Your objective =
Write out exactly, with both ends included, the lines that run from the line containing "Ciptakan Lingkungan Yang" to the end of the entries. Pictures are not part of the answer.

--- Records to use ---

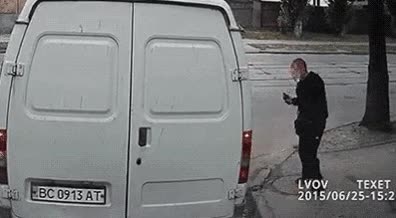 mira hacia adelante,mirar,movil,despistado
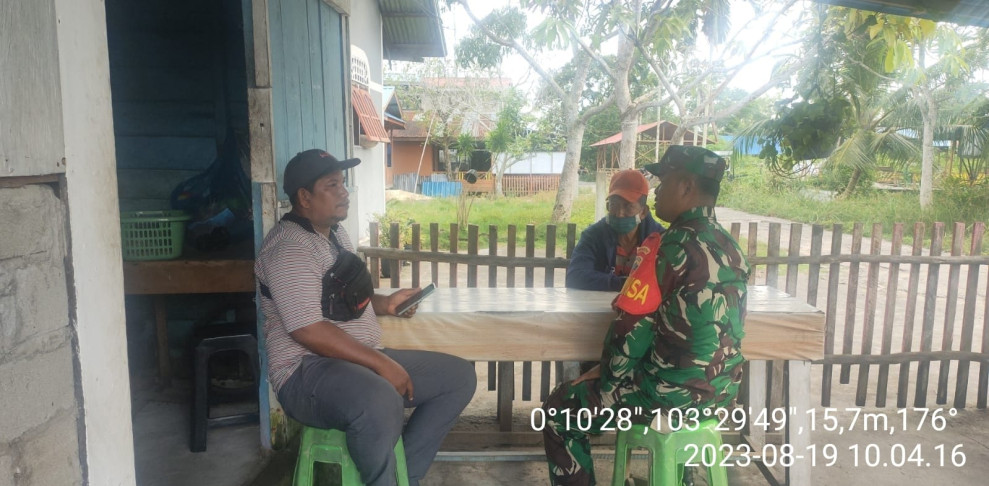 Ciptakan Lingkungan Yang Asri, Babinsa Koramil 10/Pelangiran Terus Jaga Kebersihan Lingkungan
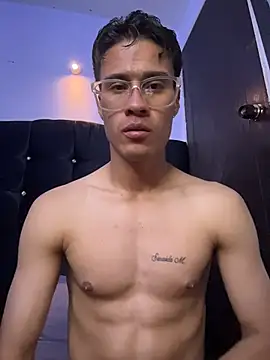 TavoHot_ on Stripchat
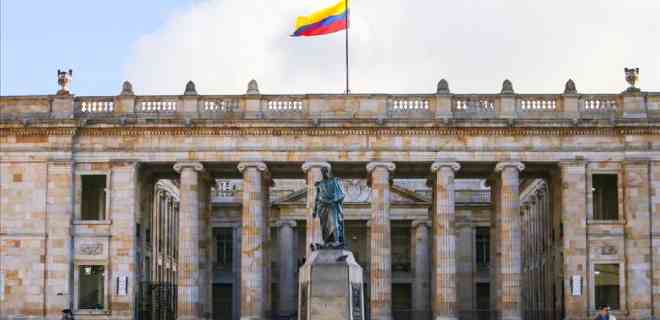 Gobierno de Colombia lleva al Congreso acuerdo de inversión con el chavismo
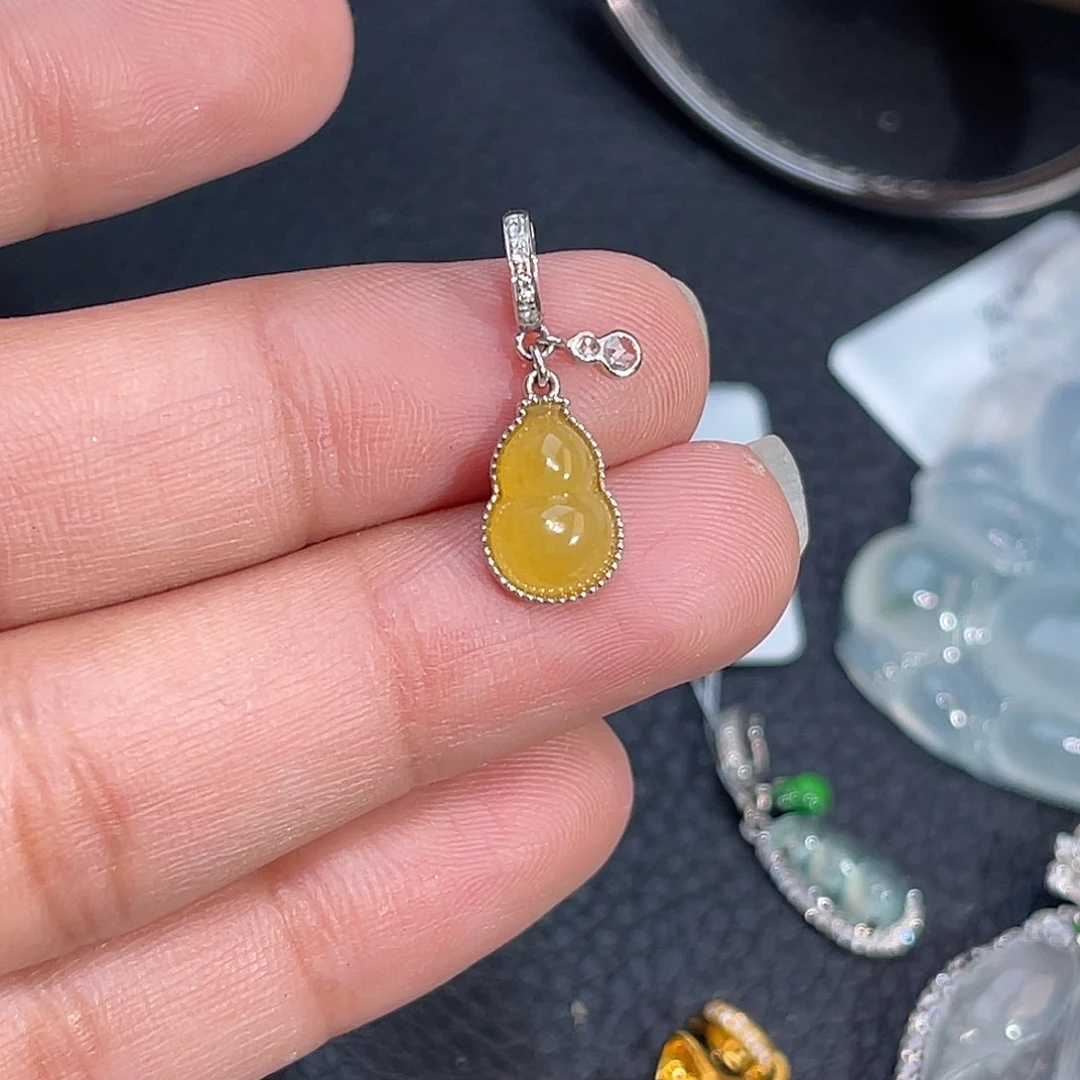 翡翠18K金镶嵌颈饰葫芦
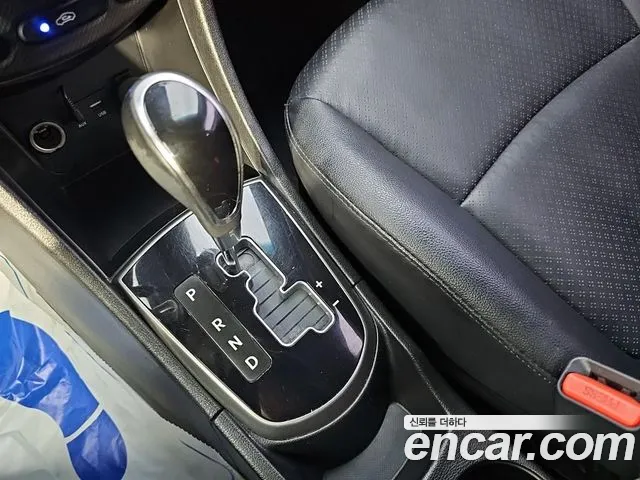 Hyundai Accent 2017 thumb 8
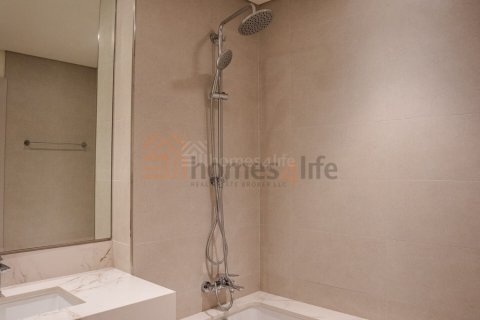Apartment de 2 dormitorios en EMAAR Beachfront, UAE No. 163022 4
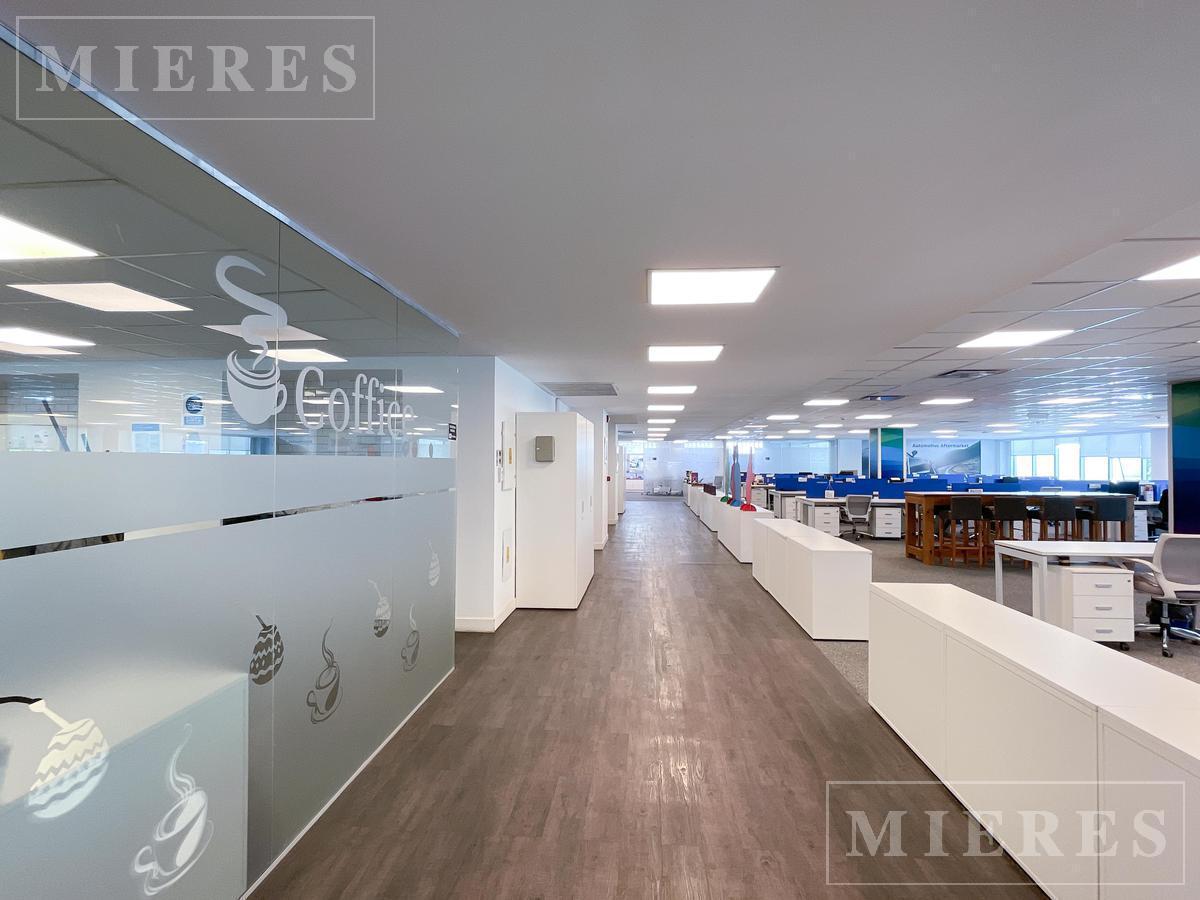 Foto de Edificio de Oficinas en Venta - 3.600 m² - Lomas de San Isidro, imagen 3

---

Response area =
 Ciptakan Lingkungan Yang Asri, Babinsa Koramil 10/Pelangiran Terus Jaga Kebersihan Lingkungan
 TavoHot_ on Stripchat
 Gobierno de Colombia lleva al Congreso acuerdo de inversión con el chavismo
 翡翠18K金镶嵌颈饰葫芦
 Hyundai Accent 2017 thumb 8
Apartment de 2 dormitorios en EMAAR Beachfront, UAE No. 163022 4
 Foto de Edificio de Oficinas en Venta - 3.600 m² - Lomas de San Isidro, imagen 3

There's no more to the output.